- **Data extract**

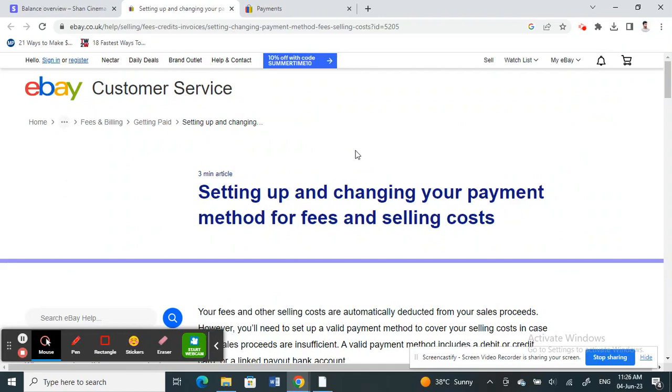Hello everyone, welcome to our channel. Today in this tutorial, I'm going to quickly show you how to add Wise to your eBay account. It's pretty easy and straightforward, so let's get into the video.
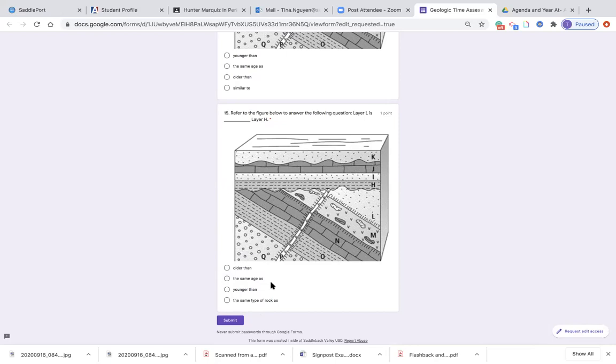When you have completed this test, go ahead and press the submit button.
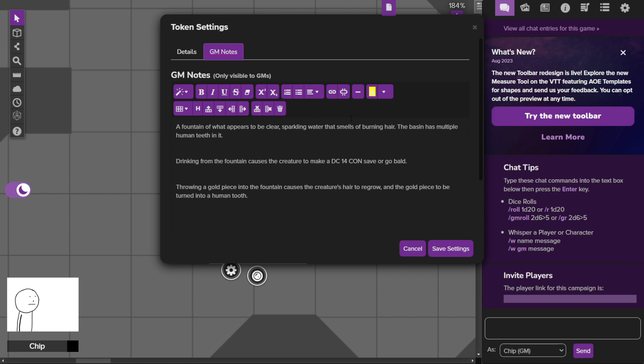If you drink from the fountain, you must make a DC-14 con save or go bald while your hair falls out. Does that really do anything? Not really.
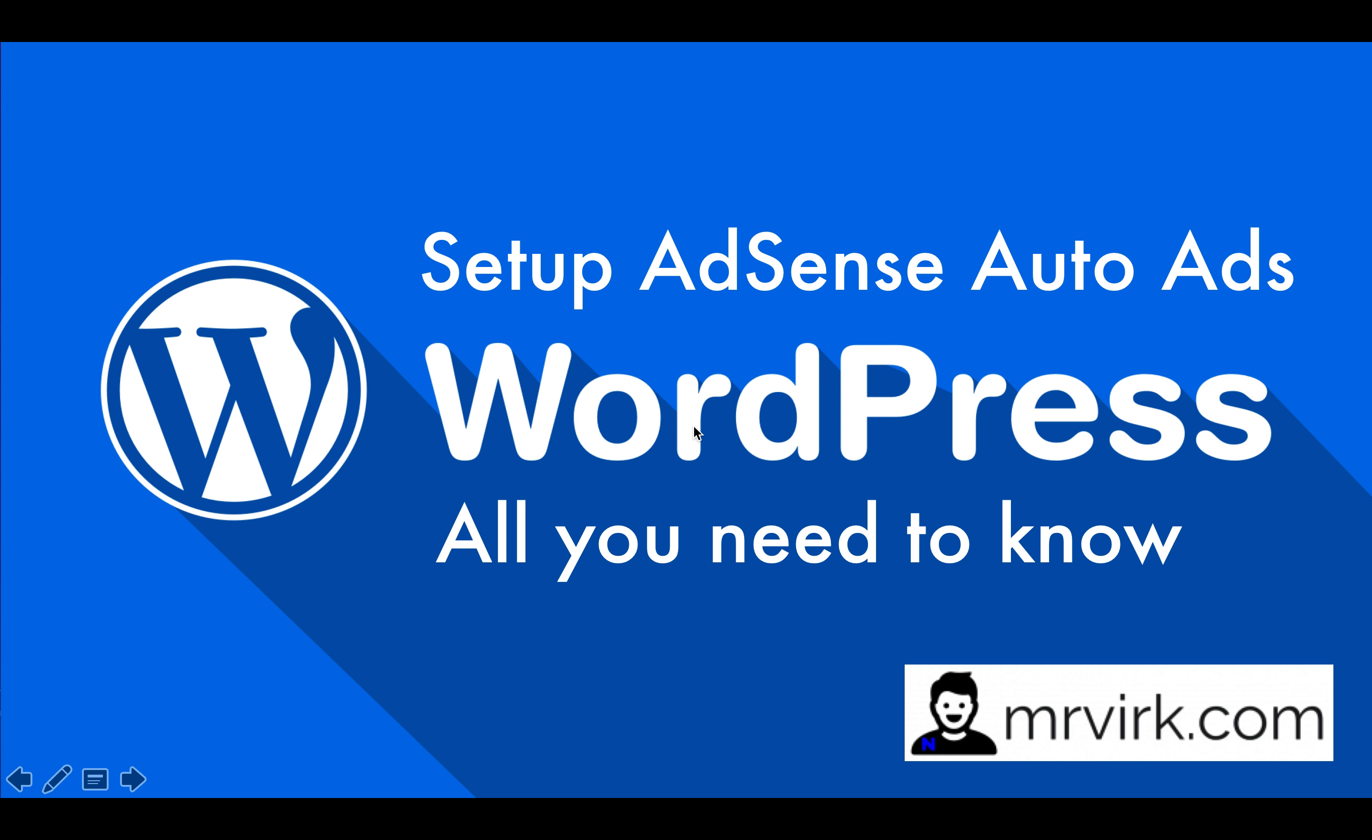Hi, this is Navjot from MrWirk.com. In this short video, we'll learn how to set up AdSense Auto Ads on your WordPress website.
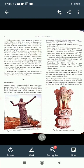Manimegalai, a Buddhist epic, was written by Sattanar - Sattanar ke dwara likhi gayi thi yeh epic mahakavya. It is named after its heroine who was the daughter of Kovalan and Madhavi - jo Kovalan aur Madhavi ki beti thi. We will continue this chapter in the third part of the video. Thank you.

- **What you should do**
Pictures are to be omitted from the copy, and only the lines from the one containing "If you drink" through the final line of the listing above are to be written out exactly.

- **Solved exercise**
If you drink from the fountain, you must make a DC-14 con save or go bald while your hair falls out. Does that really do anything? Not really.
Hi, this is Navjot from MrWirk.com. In this short video, we'll learn how to set up AdSense Auto Ads on your WordPress website.
Manimegalai, a Buddhist epic, was written by Sattanar - Sattanar ke dwara likhi gayi thi yeh epic mahakavya. It is named after its heroine who was the daughter of Kovalan and Madhavi - jo Kovalan aur Madhavi ki beti thi. We will continue this chapter in the third part of the video. Thank you.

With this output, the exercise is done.